TASK PROMPT: Although the records contain pictures, none belong in the copy: restate word for word only the lines from the one with "Ethernet Switch Dahua Dh-Pfs4428-24Gt-370" through the one with "Samsung Galaxy A73", both included.

ENTRIES SHOWN:
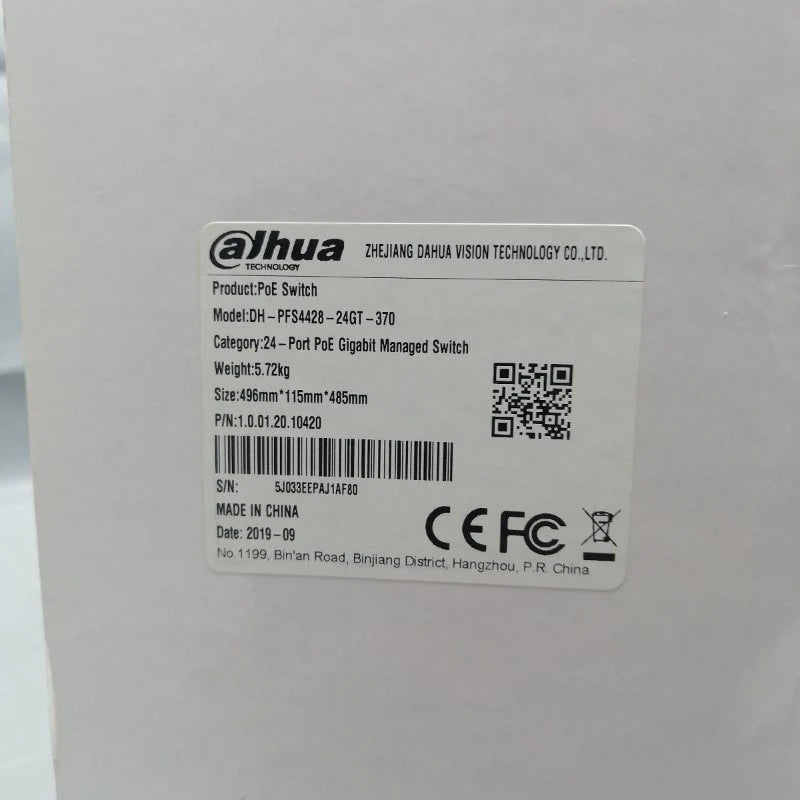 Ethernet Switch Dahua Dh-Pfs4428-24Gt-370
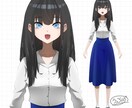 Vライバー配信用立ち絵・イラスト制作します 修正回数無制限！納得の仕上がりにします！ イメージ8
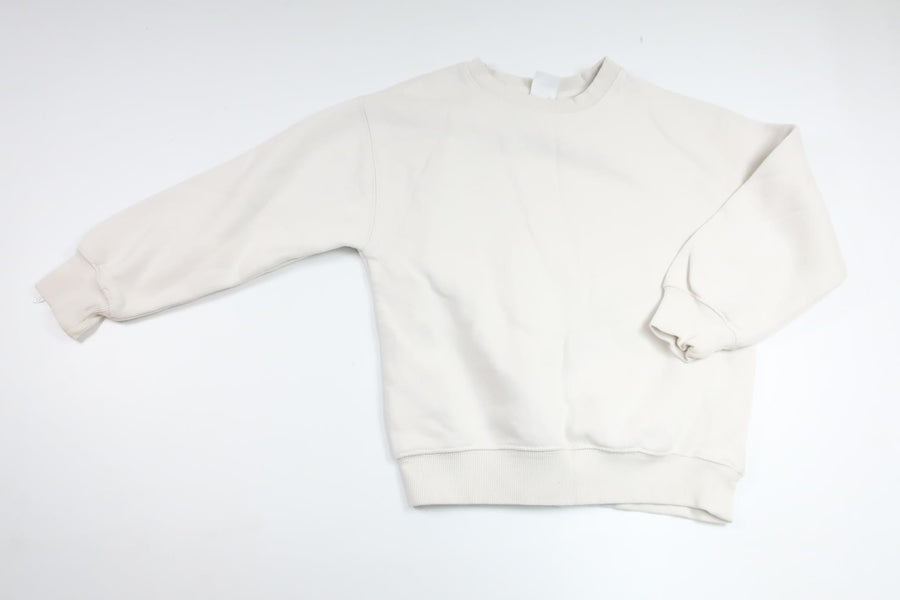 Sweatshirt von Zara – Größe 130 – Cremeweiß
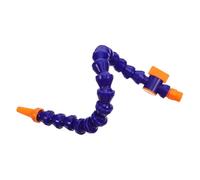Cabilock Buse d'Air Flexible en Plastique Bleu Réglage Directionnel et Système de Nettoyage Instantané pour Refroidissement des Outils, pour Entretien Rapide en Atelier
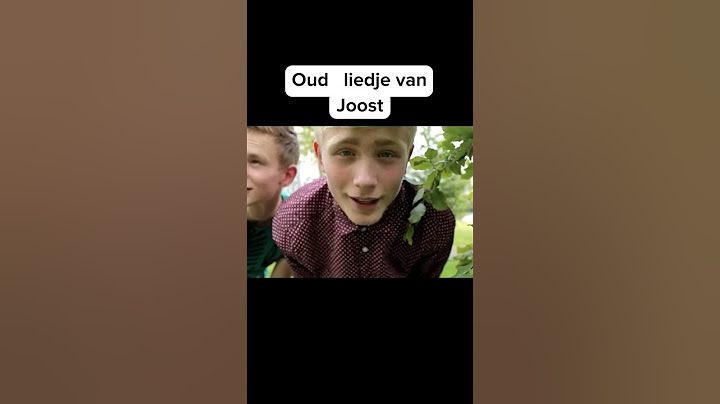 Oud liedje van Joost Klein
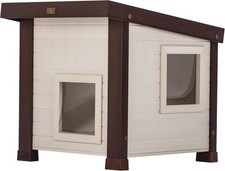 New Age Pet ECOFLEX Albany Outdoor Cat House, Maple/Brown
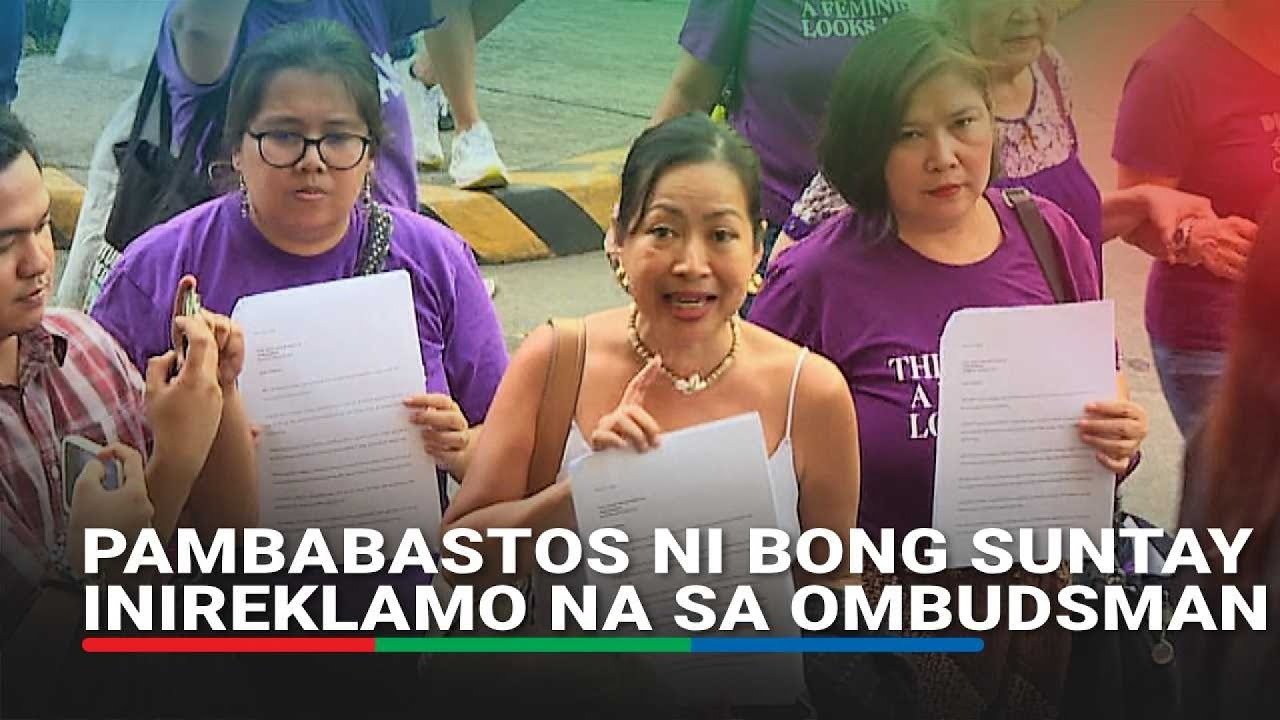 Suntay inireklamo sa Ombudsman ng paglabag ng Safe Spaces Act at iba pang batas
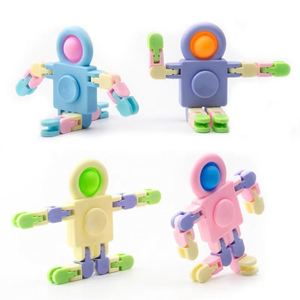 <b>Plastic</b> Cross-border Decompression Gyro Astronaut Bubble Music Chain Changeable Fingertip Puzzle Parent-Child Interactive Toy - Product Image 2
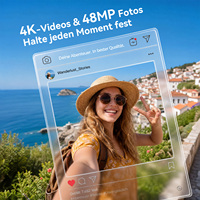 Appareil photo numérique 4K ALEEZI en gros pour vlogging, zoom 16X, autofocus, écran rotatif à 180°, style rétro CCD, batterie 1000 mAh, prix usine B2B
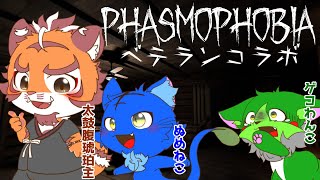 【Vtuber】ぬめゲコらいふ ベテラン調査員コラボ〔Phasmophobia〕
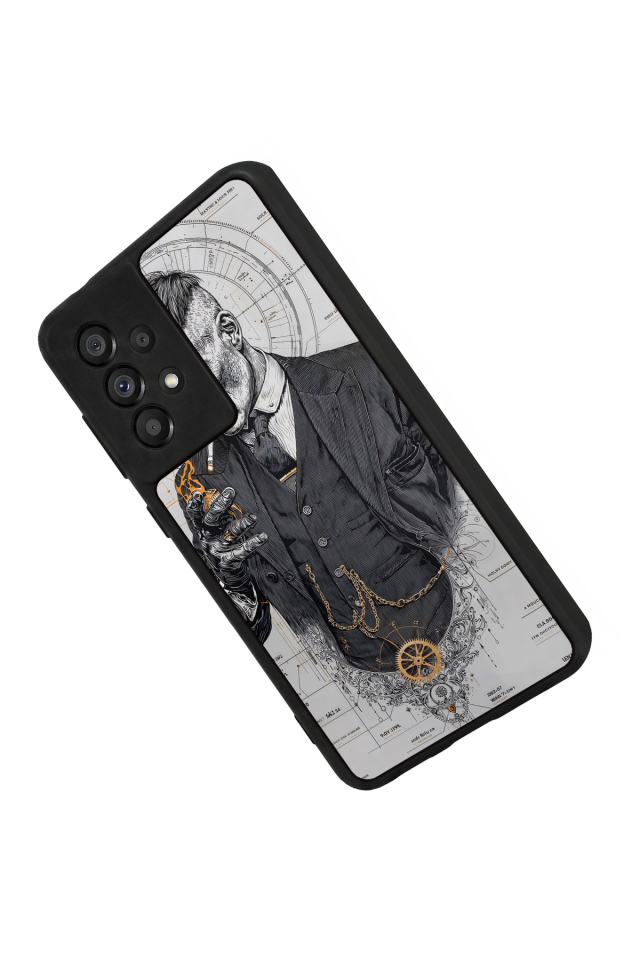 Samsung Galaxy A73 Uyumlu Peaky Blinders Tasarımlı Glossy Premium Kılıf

--

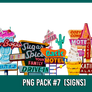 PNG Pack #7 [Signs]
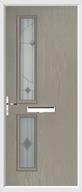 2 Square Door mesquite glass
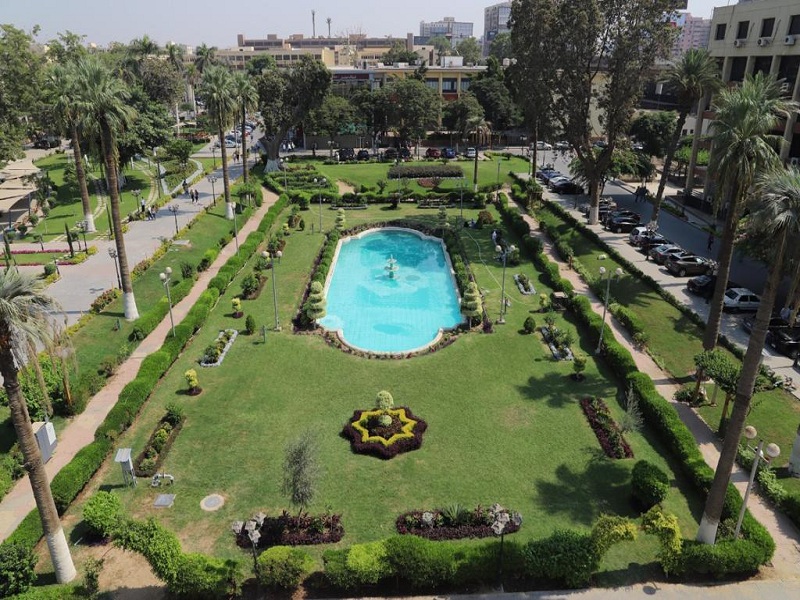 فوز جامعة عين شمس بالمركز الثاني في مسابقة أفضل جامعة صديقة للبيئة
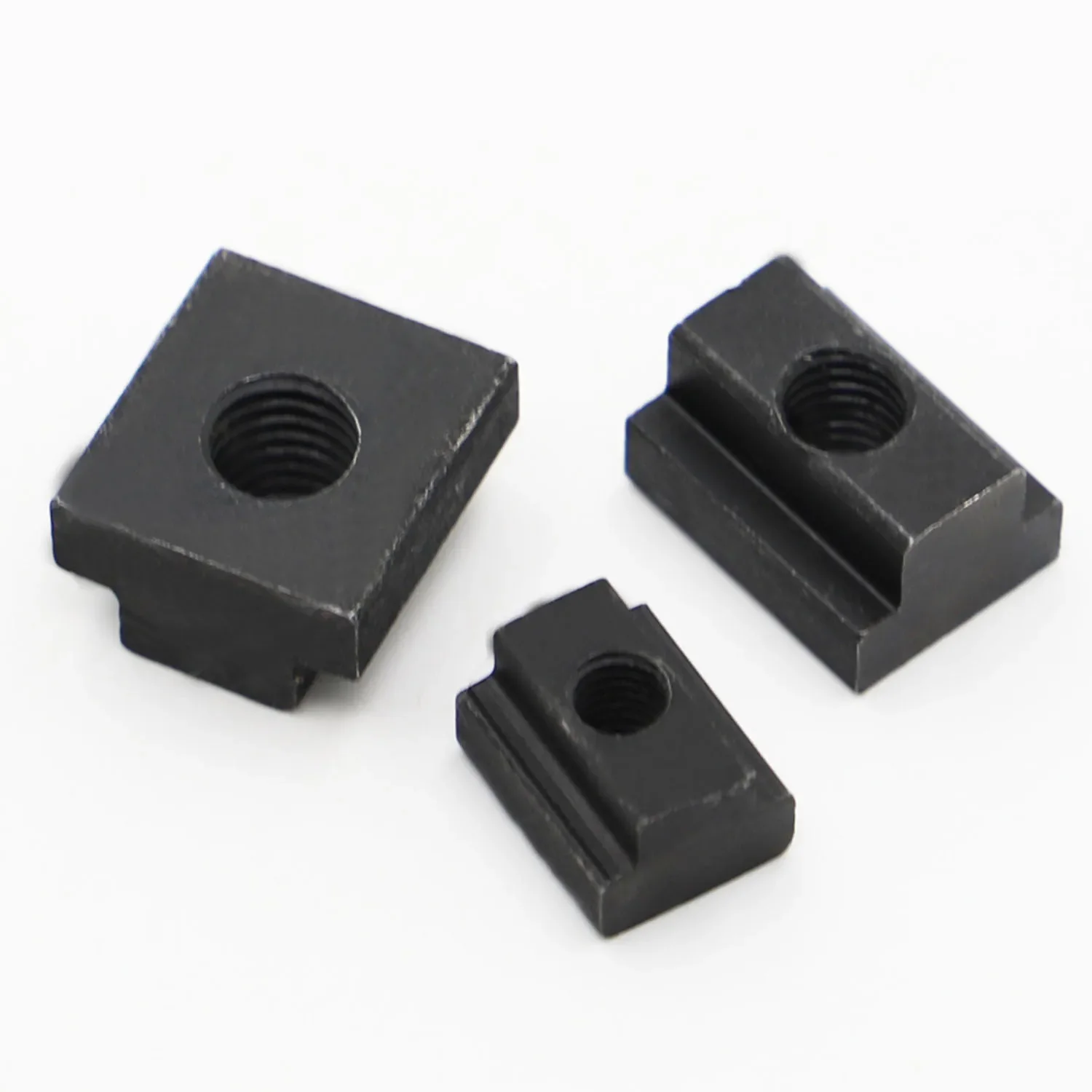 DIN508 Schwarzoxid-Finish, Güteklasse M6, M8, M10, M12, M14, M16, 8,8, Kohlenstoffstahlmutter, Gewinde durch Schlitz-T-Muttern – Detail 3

THE ANSWER:
 Ethernet Switch Dahua Dh-Pfs4428-24Gt-370
 Vライバー配信用立ち絵・イラスト制作します 修正回数無制限！納得の仕上がりにします！ イメージ8
 Sweatshirt von Zara – Größe 130 – Cremeweiß
Cabilock Buse d'Air Flexible en Plastique Bleu Réglage Directionnel et Système de Nettoyage Instantané pour Refroidissement des Outils, pour Entretien Rapide en Atelier
 Oud liedje van Joost Klein
 New Age Pet ECOFLEX Albany Outdoor Cat House, Maple/Brown
 Suntay inireklamo sa Ombudsman ng paglabag ng Safe Spaces Act at iba pang batas
 <b>Plastic</b> Cross-border Decompression Gyro Astronaut Bubble Music Chain Changeable Fingertip Puzzle Parent-Child Interactive Toy - Product Image 2
 Appareil photo numérique 4K ALEEZI en gros pour vlogging, zoom 16X, autofocus, écran rotatif à 180°, style rétro CCD, batterie 1000 mAh, prix usine B2B
 【Vtuber】ぬめゲコらいふ ベテラン調査員コラボ〔Phasmophobia〕
 Samsung Galaxy A73 Uyumlu Peaky Blinders Tasarımlı Glossy Premium Kılıf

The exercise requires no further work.